Civilians flee final phases of intense Syria battles

  • Rebel group rejects Russia’s surrender demands

BEIRUT: Thousands of civilians were fleeing from besieged enclaves at opposite ends of Syria on Friday as two major battles in the multi-sided war entered decisive phases, with hundreds of thousands of people trapped in the path of both assaults.

Air strikes killed scores of people in eastern Ghouta, a war monitor said, and weary residents streamed out on foot for a second day, as Russian-backed government forces pressed their campaign to capture the last big rebel bastion near Damascus. On another front, Turkish and allied rebel forces struck the northern Kurdish-held town of Afrin, killing more than 40 people including children, Syrian Kurdish forces and a monitor said.

The Kurdish YPG militia defending Afrin said it battled Turkish forces who tried to storm the town from the north.

The two offensives, one backed by Russia and the other led by Turkey, have shown how Syrian factions and their foreign allies are aggressively reshaping the map of control after the defeat of Islamic State’s self-proclaimed caliphate last year.

The Syrian war entered its eighth year this week having killed half a million people and driven more than 11 million from their homes, including nearly 6 million who have fled abroad in one of the worst refugee crises of modern times.

The government launched its offensive on eastern Ghouta a month ago, and Turkey began its cross-border assault in Afrin in January.

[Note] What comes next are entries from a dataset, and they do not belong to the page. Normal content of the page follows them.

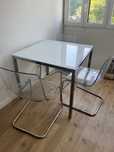 Mesa ikea e 3 cadeiras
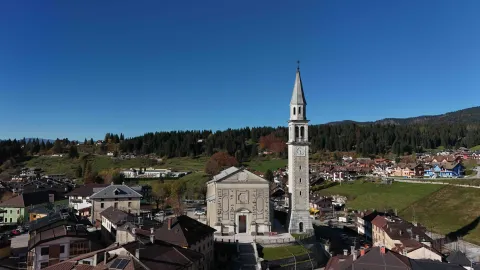 Veduta aerea di Gallio centro con la Chiesa Parrocchiale di San Bartolomeo Apostolo in una giornata di cielo azzurro limpido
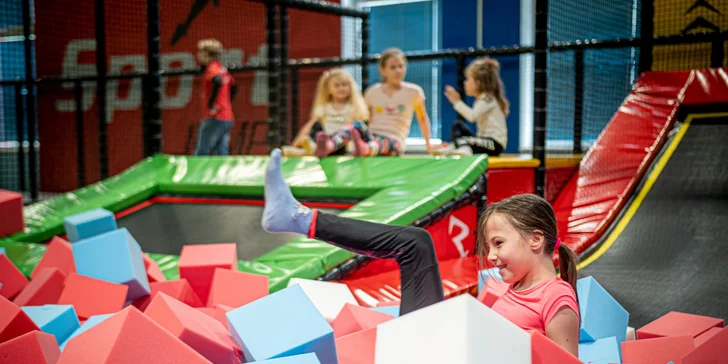 90 minut zábavy: trampolíny pro děti a wellness s bazénem pro dospělé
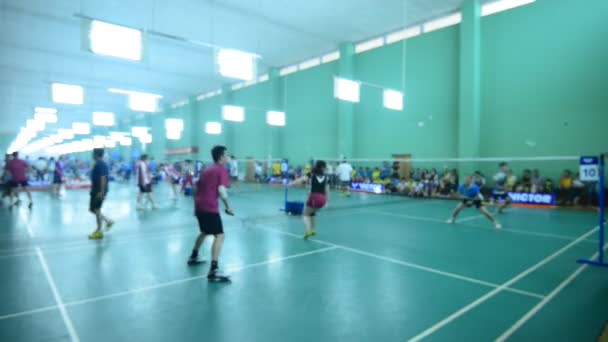 Rozmazané Video Lidí Hrajících Badminton Kurtu — Stock video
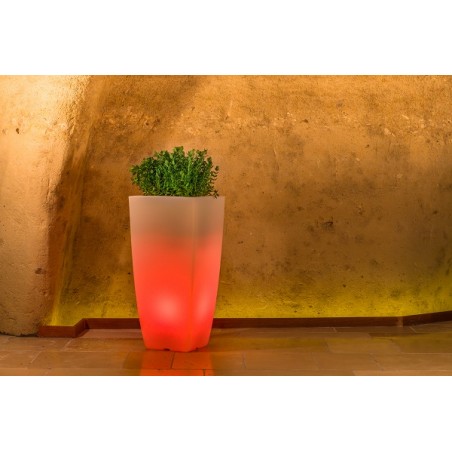 Vaso luminoso alto moderno di design 39x39 H90 in polimero resistente con LED rosso per interno ed esterno - Made in Italy - Monacis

In both cases, hundreds of thousands of civilians have been trapped inside encircled pockets on the battlefield.

An estimated 12,000-16,000 people left Ghouta in recent days, while fighting in the Afrin region has reportedly displaced more than 48,000, said Linda Tom, a UN humanitarian spokeswoman in Syria.

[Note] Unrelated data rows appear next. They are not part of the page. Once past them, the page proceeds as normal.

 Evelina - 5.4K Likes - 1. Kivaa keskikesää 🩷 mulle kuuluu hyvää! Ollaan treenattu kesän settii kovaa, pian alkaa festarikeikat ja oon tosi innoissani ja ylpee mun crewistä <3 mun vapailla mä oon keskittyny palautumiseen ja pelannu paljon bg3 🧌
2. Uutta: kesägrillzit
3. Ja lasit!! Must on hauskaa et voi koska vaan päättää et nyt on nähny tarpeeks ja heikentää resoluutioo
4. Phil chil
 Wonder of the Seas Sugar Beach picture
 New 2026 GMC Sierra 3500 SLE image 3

Meanwhile, the main rebel faction in eastern Ghouta said on Friday it rejected a proposal from Russia for talks inside Syria over the fighters surrendering and leaving their enclave.

Wael Olwan, a spokesman for Failaq al-Rahman, which controls a pocket in Ghouta, said Moscow’s messages to the rebels came through the United Nations. “What the Russians are asking for in terms of surrender through (local) negotiations is rejected,” said Olwan, who is based in Turkey.